JACOB ZUMA, President of South Africa, said the role of the United Nations in the fight against apartheid had been a unique example of the international community’s exercise of its collective political will. That was why his country was committed to participating in the fight against poverty and numerous world crises. He said it was imperative that all countries acted immediately to stop the global economic crisis from dismantling decades of gains. Despite the negative effects of the economic meltdown, which was severely affecting developing countries, though they had not caused it, eradicating poverty had to be at the heart of the work of the United Nations.
The global economic crisis had made it crucial to reform unrepresentative and outdated Bretton Woods institutions, by making them more democratic and open to the participation of developing countries. In order to eradicate poverty, it was imperative to conclude the Doha Round of trade talks by prioritizing development.
On Africa, he urged the United Nations to ensure that the international community implemented commitments it had made to the continent. The New Partnership for Africa’s Development (NEPAD) must be used to mobilize resources for Africa. There could be no enduring peace without development and thus no development without security. Turning to conflict resolution in Africa, he highlighted his country’s efforts in this regard. Despite the African Union’s political will for conflict resolution, it lacked resources.
He appealed to the United Nations to cooperate with it in its peacemaking efforts and to support the Union’s ban on de facto Governments. He also noted that the quest for global peace and security was inseparable from the pursuit of justice, self-determination, human rights and economic development. In this regard, a peaceful solution to the situation in Western Sahara and the Israeli-Palestinian conflict had to be found immediately.
Turning to the NPT, he stated that the 2010 Review Conference would be an occasion for countries to bind themselves to implementing that accord.
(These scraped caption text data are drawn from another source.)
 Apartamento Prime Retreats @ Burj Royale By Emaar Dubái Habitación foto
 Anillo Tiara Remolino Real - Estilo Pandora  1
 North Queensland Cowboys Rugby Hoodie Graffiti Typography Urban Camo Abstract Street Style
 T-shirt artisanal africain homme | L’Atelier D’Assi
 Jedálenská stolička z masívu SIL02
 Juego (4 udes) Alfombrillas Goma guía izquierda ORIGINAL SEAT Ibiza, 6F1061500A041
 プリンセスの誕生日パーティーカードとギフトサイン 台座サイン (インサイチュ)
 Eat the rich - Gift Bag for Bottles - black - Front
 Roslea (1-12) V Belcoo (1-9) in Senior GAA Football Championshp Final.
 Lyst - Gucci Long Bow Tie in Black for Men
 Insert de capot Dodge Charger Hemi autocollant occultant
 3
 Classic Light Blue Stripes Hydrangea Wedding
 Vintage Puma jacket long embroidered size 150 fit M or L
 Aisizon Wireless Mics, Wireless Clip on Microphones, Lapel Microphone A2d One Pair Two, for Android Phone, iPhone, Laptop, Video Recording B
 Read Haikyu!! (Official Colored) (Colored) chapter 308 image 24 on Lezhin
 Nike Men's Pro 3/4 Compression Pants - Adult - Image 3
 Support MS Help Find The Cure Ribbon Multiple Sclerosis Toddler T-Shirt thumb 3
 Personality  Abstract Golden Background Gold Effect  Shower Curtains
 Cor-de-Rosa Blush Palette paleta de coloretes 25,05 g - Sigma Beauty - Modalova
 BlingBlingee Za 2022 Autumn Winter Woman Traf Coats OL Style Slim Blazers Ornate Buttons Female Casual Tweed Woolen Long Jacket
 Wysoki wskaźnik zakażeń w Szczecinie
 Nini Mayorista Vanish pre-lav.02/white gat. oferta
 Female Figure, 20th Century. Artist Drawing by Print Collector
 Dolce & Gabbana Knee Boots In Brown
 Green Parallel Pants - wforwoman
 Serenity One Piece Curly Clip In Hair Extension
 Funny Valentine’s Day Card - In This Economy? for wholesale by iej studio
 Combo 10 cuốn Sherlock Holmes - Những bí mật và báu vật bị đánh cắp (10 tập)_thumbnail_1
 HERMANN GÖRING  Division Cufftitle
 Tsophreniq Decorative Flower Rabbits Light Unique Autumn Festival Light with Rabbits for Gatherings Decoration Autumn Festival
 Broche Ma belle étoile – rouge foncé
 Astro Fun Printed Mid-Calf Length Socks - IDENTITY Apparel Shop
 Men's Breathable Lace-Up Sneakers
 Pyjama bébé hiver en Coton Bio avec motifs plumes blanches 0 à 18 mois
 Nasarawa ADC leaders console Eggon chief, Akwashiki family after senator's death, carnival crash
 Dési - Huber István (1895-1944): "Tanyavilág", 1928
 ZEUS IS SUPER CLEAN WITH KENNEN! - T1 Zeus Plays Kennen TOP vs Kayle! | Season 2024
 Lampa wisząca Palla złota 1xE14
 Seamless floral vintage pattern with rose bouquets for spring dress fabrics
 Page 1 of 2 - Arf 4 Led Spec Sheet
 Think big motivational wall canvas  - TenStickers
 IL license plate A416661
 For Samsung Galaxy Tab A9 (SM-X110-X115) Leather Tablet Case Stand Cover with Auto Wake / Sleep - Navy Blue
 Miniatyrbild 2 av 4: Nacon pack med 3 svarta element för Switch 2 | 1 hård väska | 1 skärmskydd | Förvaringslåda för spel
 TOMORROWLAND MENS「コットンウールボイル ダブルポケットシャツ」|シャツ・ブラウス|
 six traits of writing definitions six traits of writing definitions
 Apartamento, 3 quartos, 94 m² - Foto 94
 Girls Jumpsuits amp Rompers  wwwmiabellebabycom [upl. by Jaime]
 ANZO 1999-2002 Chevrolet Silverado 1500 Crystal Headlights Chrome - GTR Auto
It was crucial to strike a balance between disarmament, non-proliferation and peaceful energy use.
Regarding climate change, he stressed that its devastating effects, of which developing countries bore the greatest brunt, would gravely undermine development and poverty eradication efforts. He called for action towards an effective global accord on its challenges, which had to recognize that solving climate change could not be divorced from striving to eradicate poverty. The overall goal would be to decrease worldwide emissions without limiting development in southern countries.
In an ever more interdependent world, only multilateral cooperation could resolve global problems effectively, in which a reformed United Nations had to carry on playing a central role that was effective, transparent and efficient. For that to come into full effect, it was fundamental to reform the Security Council, by making it more representative of the international community, with a permanent African country for instance.